I tried dropdowns against free text against toggles, weighing which one carried the disclosure without feeling like an interrogation. And I kept pushing the language toward something that read as help rather than an audit, since the words in this step directly shape how honestly people report their history.

Ten participants found the three places the design was quietly failing

Research testing with ten participants surfaced three specific friction points, and each one shaped the final direction.

Three testing findings and their fixes. Deletion was hard to recover from, the close icon was ambiguous between closing and deleting, and the terms accident, incident, and violation were read as interchangeable.

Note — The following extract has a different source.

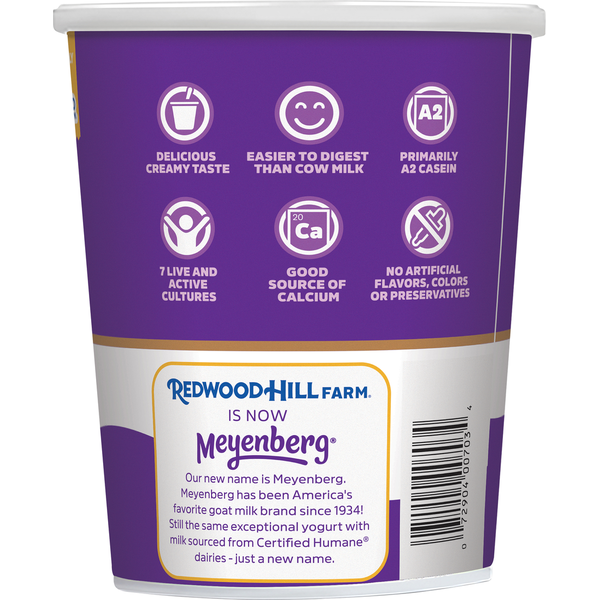 Meyenberg Goat Yogurt, Vanilla, Multiserve Tub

Deletion was not intuitive. Half the participants struggled to correct an incident after deleting it, because the corrective action was buried in a dropdown, the warning was too quiet, and the save button was easy to miss, so some people hit back instead of finishing the fix. The close icon was ambiguous, with two in ten unsure whether the X closed the dropdown or deleted the incident entirely, a small thing with real consequences in a high-stakes flow. And the language was doing work the design was not supporting: most people understood "accident" right away but were unsure about "incident" and "violation," treating incident and accident as the same and violation as loosely defined.

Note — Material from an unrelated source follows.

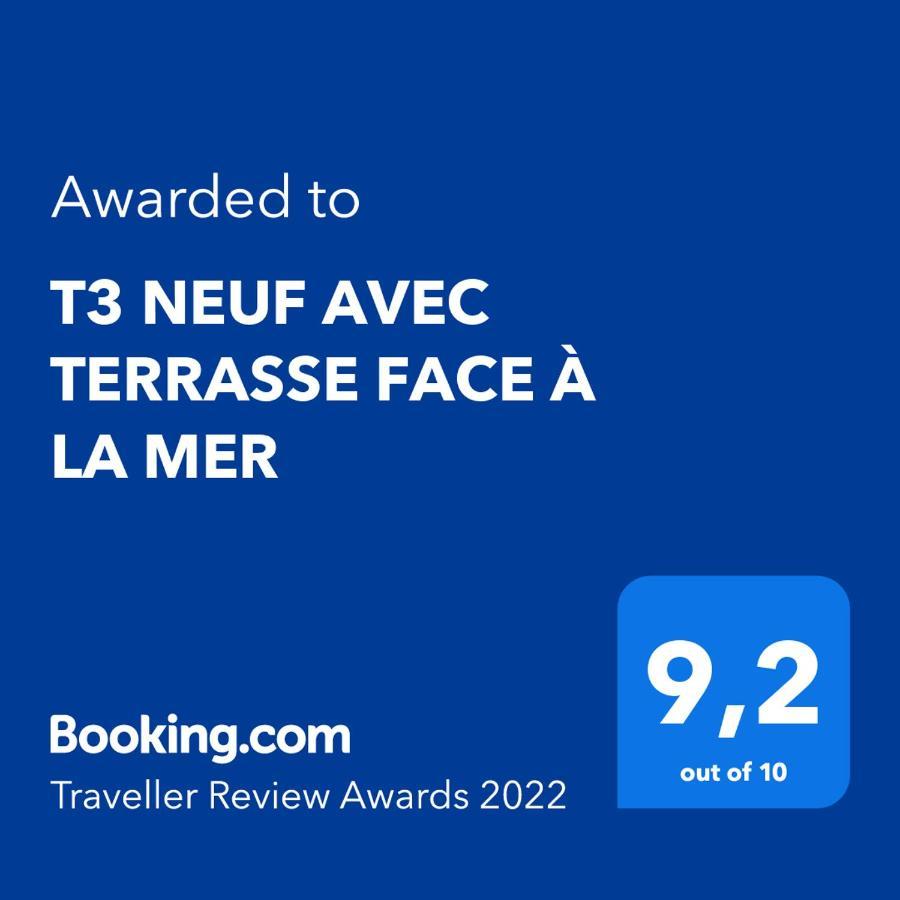 T3 Neuf Avec Terrasse Face A La Mer Bandol Exterior photo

Define the terms, then ask the question

The language finding had a direct fix. A tap on the info icon defines what actually counts as an accident or a ticket, in plain language rather than policy jargon, so people learn what qualifies before they answer. It defuses the "will this hurt my quote?" worry at the moment it spikes.

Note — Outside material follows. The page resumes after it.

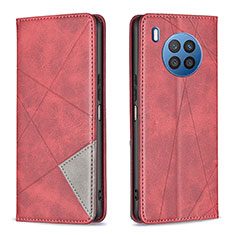 Handytasche Stand Schutzhülle Flip Leder Hülle B07F für Huawei Nova 8i Rot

Inline definitions. A tap on the info icon explains what counts as an accident or a ticket in plain language, shown before the user answers.

The step itself threads into the flow in three beats. It starts as a single yes or no question inside Add Drivers, so only drivers with history go any further and nothing extra is asked of people it does not apply to. When the answer is yes, details appear one incident at a time, with plain language guiding recall instead of insurance terminology. A summary card then confirms each entry, with the option to add another or continue the quote. The result is a legal disclosure that reads as transparent rather than punitive.

Three-beat mobile flow. A yes or no question embedded in Add Drivers, one incident entered at a time in plain language, and a summary card confirming the entry with options to add another or continue.

Validation through usability testing

7/7Adding an accident or violation. Every participant completed it.
6.3/7Deleting an accident or violation, after the corrective action was resurfaced.
6.5/7Comfort reporting accident and violation history.
6.9/7Comfort with insurance companies using public records.

For users

Confident, informed history entry. A clear view of what counts and why. Trust built earlier in the process.

For business

Digital capture reduces backend surprises and quote discrepancies. Leads reaching agents are higher quality and better informed, and conversion is preserved while trust is built earlier.

This one taught me that the most meaningful design work sometimes happens inside someone else's business decision. The ask was transparency. The real opportunity was turning a legal disclosure into a feature, something that made the process feel like it was on the user's side.